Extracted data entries
_ _ _ _
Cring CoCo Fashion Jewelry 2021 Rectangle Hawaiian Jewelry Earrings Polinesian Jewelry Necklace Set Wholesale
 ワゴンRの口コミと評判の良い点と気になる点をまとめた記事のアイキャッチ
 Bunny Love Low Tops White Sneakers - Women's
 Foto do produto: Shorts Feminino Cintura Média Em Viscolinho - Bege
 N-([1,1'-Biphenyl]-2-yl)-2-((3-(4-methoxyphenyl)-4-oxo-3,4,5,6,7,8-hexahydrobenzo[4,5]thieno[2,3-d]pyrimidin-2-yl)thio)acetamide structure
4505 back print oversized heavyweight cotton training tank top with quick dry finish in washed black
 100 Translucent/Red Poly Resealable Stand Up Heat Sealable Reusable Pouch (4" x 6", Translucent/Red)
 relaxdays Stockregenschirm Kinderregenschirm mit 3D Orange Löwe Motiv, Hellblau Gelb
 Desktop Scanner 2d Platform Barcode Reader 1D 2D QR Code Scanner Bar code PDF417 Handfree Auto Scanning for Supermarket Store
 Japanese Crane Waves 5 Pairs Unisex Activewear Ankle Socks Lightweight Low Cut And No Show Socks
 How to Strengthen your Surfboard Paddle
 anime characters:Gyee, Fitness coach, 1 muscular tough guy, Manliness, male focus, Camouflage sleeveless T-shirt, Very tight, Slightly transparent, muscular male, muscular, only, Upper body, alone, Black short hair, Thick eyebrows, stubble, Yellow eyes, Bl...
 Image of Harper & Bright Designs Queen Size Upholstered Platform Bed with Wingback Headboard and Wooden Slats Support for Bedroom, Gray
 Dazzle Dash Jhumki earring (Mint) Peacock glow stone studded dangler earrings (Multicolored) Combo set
_ _ _ _
* Task instructions *
Every line above that holds the string "Platform" should be copied out.

* Answer for this exercise *
 Desktop Scanner 2d Platform Barcode Reader 1D 2D QR Code Scanner Bar code PDF417 Handfree Auto Scanning for Supermarket Store
 Image of Harper & Bright Designs Queen Size Upholstered Platform Bed with Wingback Headboard and Wooden Slats Support for Bedroom, Gray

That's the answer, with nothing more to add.